• [TASK STATEMENT] Please retype every entry as written, and keep the pictures out.

___ DATA PROVIDED

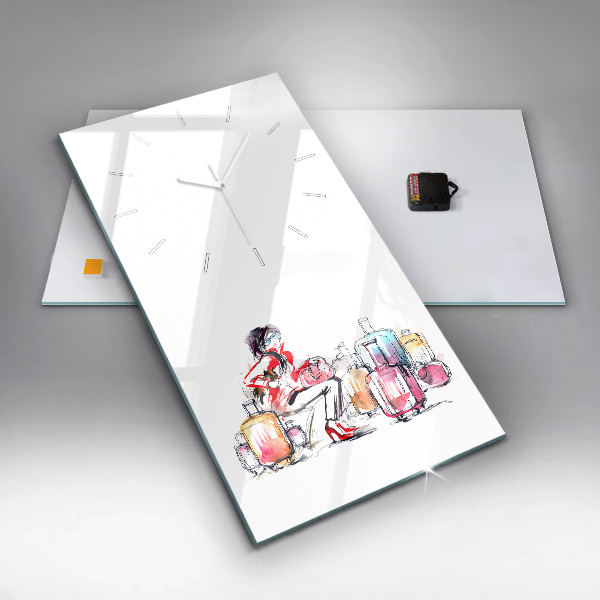 Vertikální skleněné hodiny Žena s kufry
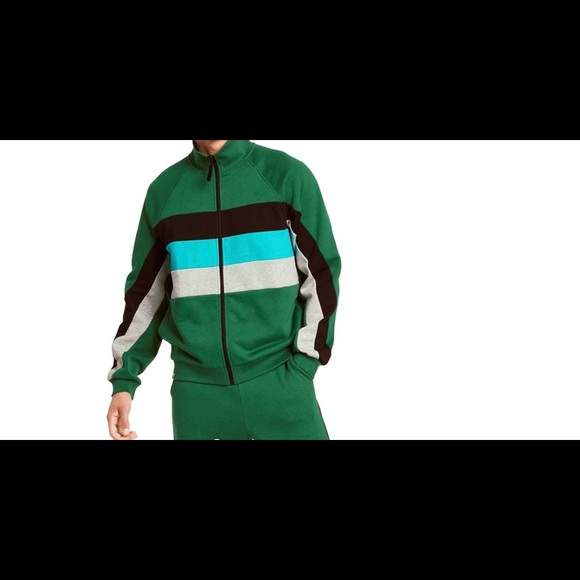 New Men's Color Block Stripe Zip-Up Track Jacket - Picture 1 of 2
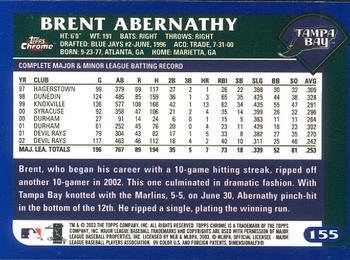 2003 Topps Chrome #155 Brent Abernathy Back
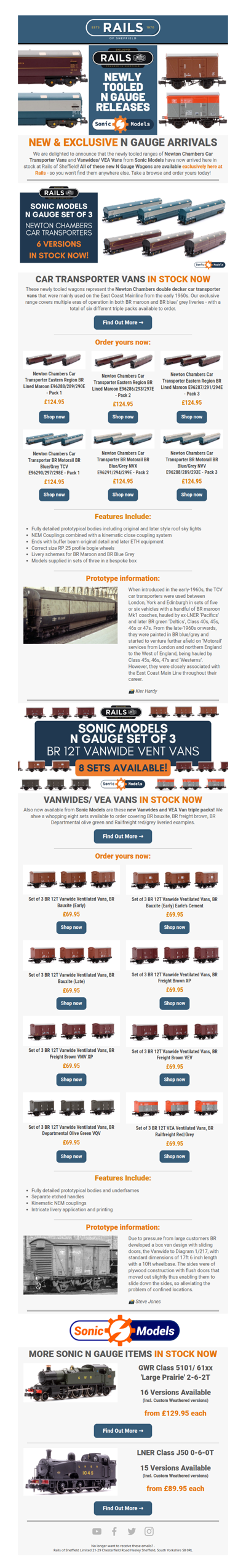 🤩 NEW & EXCLUSIVE Sonic Models N Gauge Wagons In Stock Now! 🎉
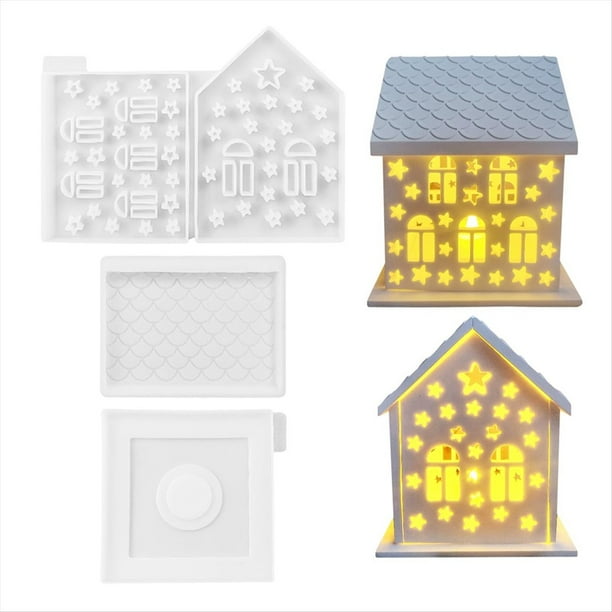 4 Unids/Set 3D Casa Moldes de Silicona para Resina Hormigón Estrella Casa Candelabro Molde Casa en Forma de Decoración Adornos
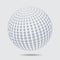 Sphere halftone pattern. Circle dotted design element isolated o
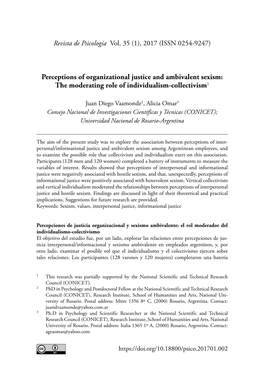 Perceptions of Organizational Justice and Ambivalent Sexism: the Moderating Role of Individualism-Collectivism1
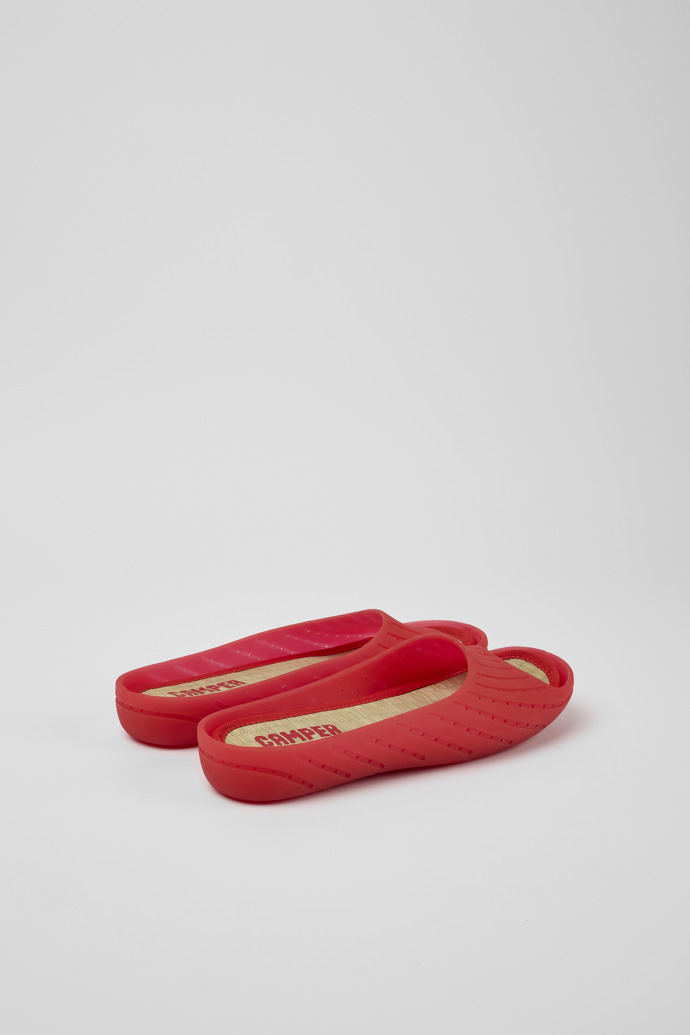 Back view of Wabi Red monomaterial sandals for women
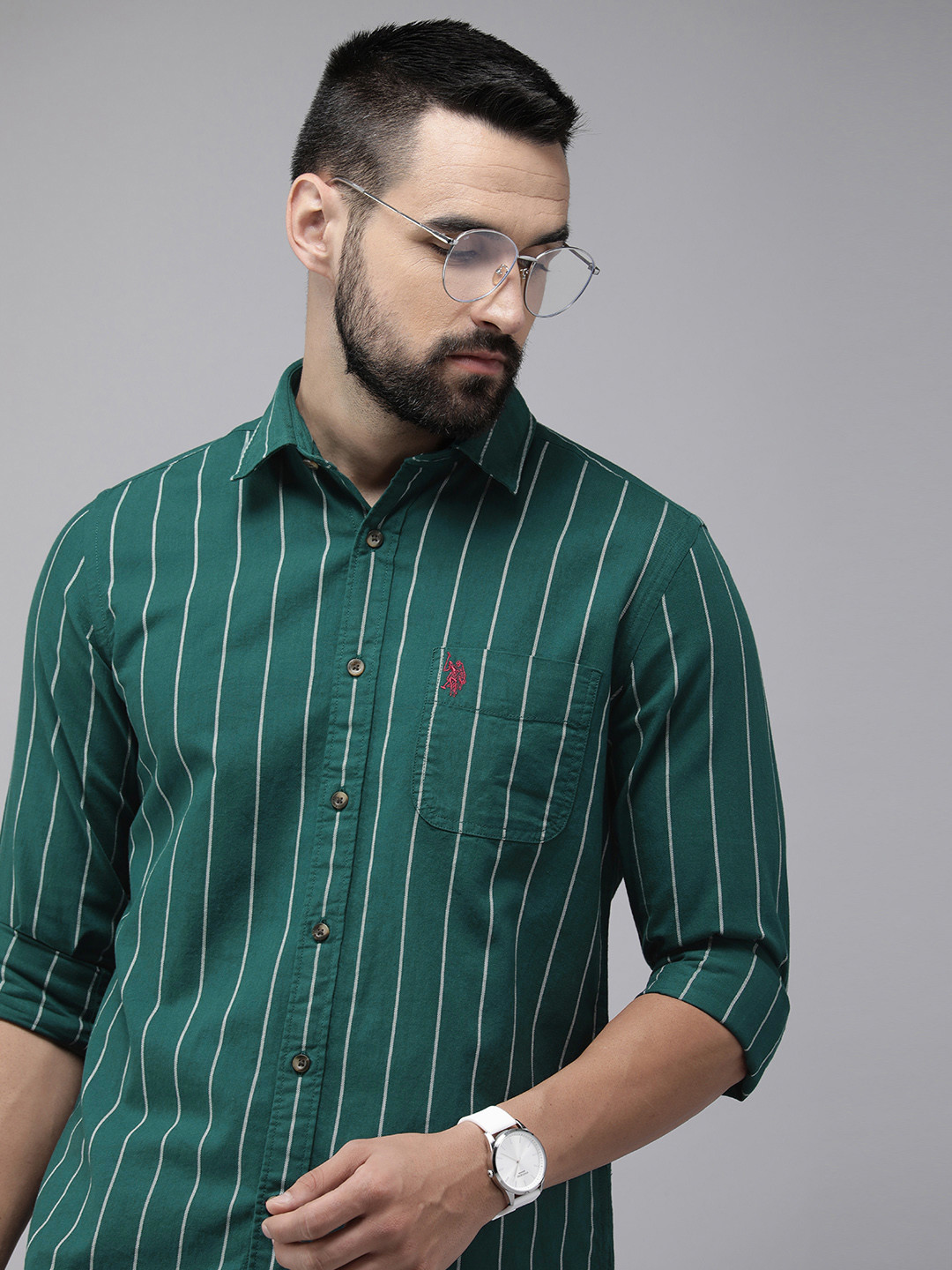 

U.S. Polo Assn. Denim Co. Slim Fit Striped Pure Cotton Casual Shirt, Green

______

• [REPLY TO THE EXERCISE]
 Vertikální skleněné hodiny Žena s kufry
 New Men's Color Block Stripe Zip-Up Track Jacket - Picture 1 of 2
 2003 Topps Chrome #155 Brent Abernathy Back
 🤩 NEW & EXCLUSIVE Sonic Models N Gauge Wagons In Stock Now! 🎉
 4 Unids/Set 3D Casa Moldes de Silicona para Resina Hormigón Estrella Casa Candelabro Molde Casa en Forma de Decoración Adornos
 Sphere halftone pattern. Circle dotted design element isolated o
 Perceptions of Organizational Justice and Ambivalent Sexism: the Moderating Role of Individualism-Collectivism1
 Back view of Wabi Red monomaterial sandals for women

U.S. Polo Assn. Denim Co. Slim Fit Striped Pure Cotton Casual Shirt, Green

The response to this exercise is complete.